▶ _EXERCISE DETAILS_
From the first line to the last, please reproduce the material exactly, skipping the pictures.

▶ _SUPPLIED INFORMATION_
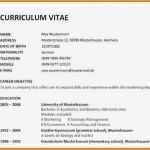 Resume Vorlage Englisch Best Of Cv Schreiben Muster Lebenslauf Englisch Vorlage Fitted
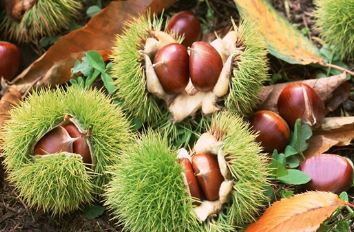 �Ƶ���ɫũ��Ʒ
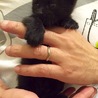 代行募集、黒ちゃん。 サムネイル3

▶ _SOLUTION TO THE PROBLEM_
 Resume Vorlage Englisch Best Of Cv Schreiben Muster Lebenslauf Englisch Vorlage Fitted
 �Ƶ���ɫũ��Ʒ
 代行募集、黒ちゃん。 サムネイル3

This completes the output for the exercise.